How Discount Rates Impact the Balance Sheet

A company can lease assets in one of two ways: capital leases or operating leases.

Capital leases effectively act as debt to own the underlying asset leased. A simple analogy is taking out a loan to purchase a car or home; payments are made periodically and, at the end of the term, the asset is owned outright with the loan repaid.

Operating leases do not transfer ownership of the underlying asset, and payments are made for usage of the asset. A simple analogy here is leasing a car from a dealer; the lessee makes payments for the right to use the car, but does not gain equity in the car itself and will not own the car at the end of the lease.

However, just as a car is a crucial long-term asset to a household, companies often rely on leases to finance key assets for their business. Retailers often lease the real estate for their stores, and airlines almost exclusively obtain their planes through leases. These leases often cover long time periods (sometimes as long as 99 years), so in effect they function, economically, as a form of debt.

Since operating leases are a form of debt, the lease payments running through income statements represent, in effect, a combination of depreciation and the implied interest payment for the debt. We use the term “implied” to describe the interest payment because there is no official interest payment. There is no official interest rate for the unofficial debt either.

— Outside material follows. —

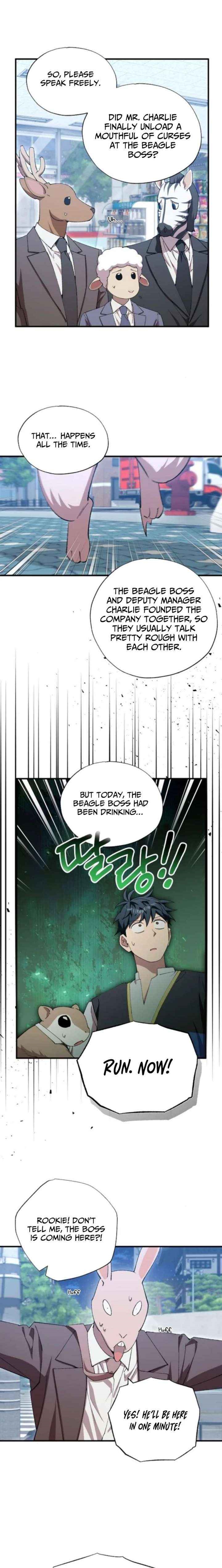 Magical Realm Shopkeeper Chapter 87 - Page 10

However, under the new FASB rule, companies are required to estimate an implied interest rate. This interest rate is used to discount future lease obligations to their present value, i.e. the operating lease liability they report on the balance sheet. This methodology creates two significant issues:

  1. A company that is already at a high risk of bankruptcy will have a high implied interest rate. This high interest rate means the company will heavily discount future lease obligations, reducing its reported lease liability on the balance sheet. As a result, a high-risk company will appear to have lower liabilities than an equivalent company with less credit risk.
  2. Under the new FASB rule, companies have significant discretion in how they determine the discount rate. As long as it can plausibly justify the value to regulators, a company can use an artificially high discount rate to reduce its reported lease liability.

In order to prevent these issues from distorting our cash flow and valuation models, we use a standardized implied discount rate, 5.1%, across all companies. The 5.1% discount rate equals the mean-reverting weighted average cost of debt for the ~2,800 companies we cover. By using the same discount rate across all companies, we ensure that the operating lease assets and liabilities are more comparable between companies.